Als Verletzung materiellen Rechts, nämlich des Protokolls Nr. 3, sieht die Klägerin insbesondere die Auffassung des FG an, die Klägerin könne in keinem Falle im finanzgerichtlichen Prozess den Nachweis der Ursprungseigenschaft führen. Schließlich habe das FG den Grundsatz des Vertrauensschutzes, wie er in Art. 220 Abs. 2 Buchst. b ZK i.d.F. der Verordnung (EG) Nr. 2700/2000 (VO Nr. 2700/2000) des Europäischen Parlaments und des Rates vom 16. November 2000 zur Änderung der Verordnung (EWG) Nr. 2913/92 des Rates zur Festlegung des Zollkodex der Gemeinschaften (ABlEG Nr. L 311/17) normiert sei, rechtsirrig angewandt.

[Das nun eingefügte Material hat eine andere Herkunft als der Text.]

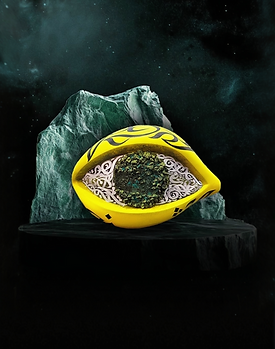 AKNULOONK_Yellow_edited_edited_edited.pn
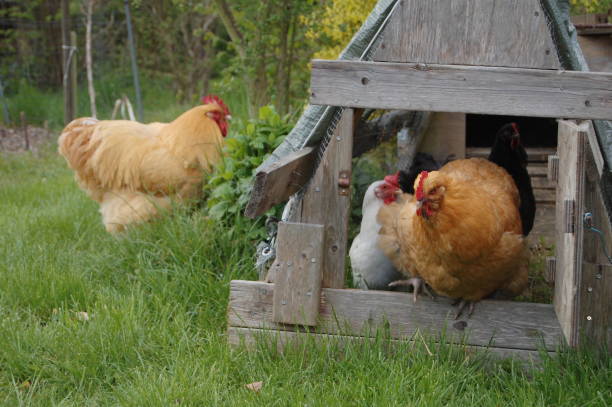 istock Three hens in an open chicken coop - the red one is stepping out. 1150728101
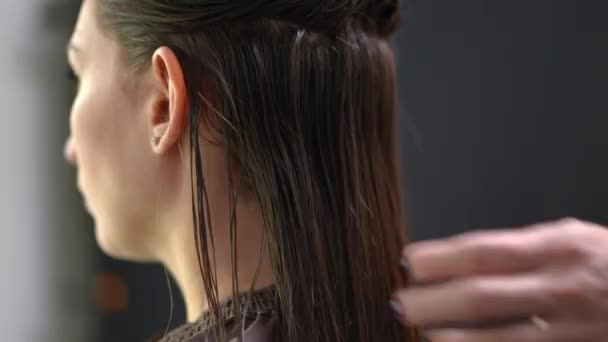 Close Combing Drying Laminated Brunette Long Hair Slow Motion Indoors — Vídeos de Stock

Mit ihrem Schriftsatz vom Oktober 2002 hat die Klägerin u.a. noch geltend gemacht, gegen die Ablehnung der Überprüfung der ursprünglichen Mitteilung der estnischen Behörden, dass die Butter kein Ursprungserzeugnis sei, habe der Hersteller und Lieferant der Butter in Estland verwaltungsgerichtliche Klage erhoben. Gegen die Abweisung der Klage habe er, wie sich aus dem in estnischer Sprache beigefügten Schriftsatz ergebe, Berufung (Appelation) eingelegt.
Entscheidungsgründe
II. A. Eine Aussetzung des Verfahrens ist nicht gerechtfertigt. Die Klägerin hat lediglich die angebliche Berufungsschrift in estnischer Sprache gegen das die in Estland erhobene Klage abweisende Urteil vorgelegt, aber nicht ausgeführt, inwieweit sich das Rechtsmittel auf das Revisionsverfahren im Streitfall auswirken könnte. Im Hinblick darauf, dass es nicht um die Frage geht, ob die Ursprungszeugnisse nichtig sind, sondern darum, ob sich der Ursprung abgesehen von der Gültigkeit der Ursprungszeugnisse i.S. von Art. 32 Abs. 3 Protokoll Nr. 3 durch kaufmännische Unterlagen noch nachweisen lässt und mehrfach mitgeteilt wurde, dass solche Unterlagen nicht mehr vorhanden sind, wären entsprechende Ausführungen der Klägerin notwendig gewesen.
B. Die Revision der Klägerin ist unbegründet. Der Senat teilt die Auffassung des FG, dass der Steueränderungsbescheid in Gestalt der Einspruchsentscheidung nicht rechtswidrig ist und die Klägerin durch ihn nicht in ihren Rechten verletzt wird. Auf den gerügten Verfahrensfehlern beruht das angefochtene Urteil entweder nicht oder sie liegen nicht vor.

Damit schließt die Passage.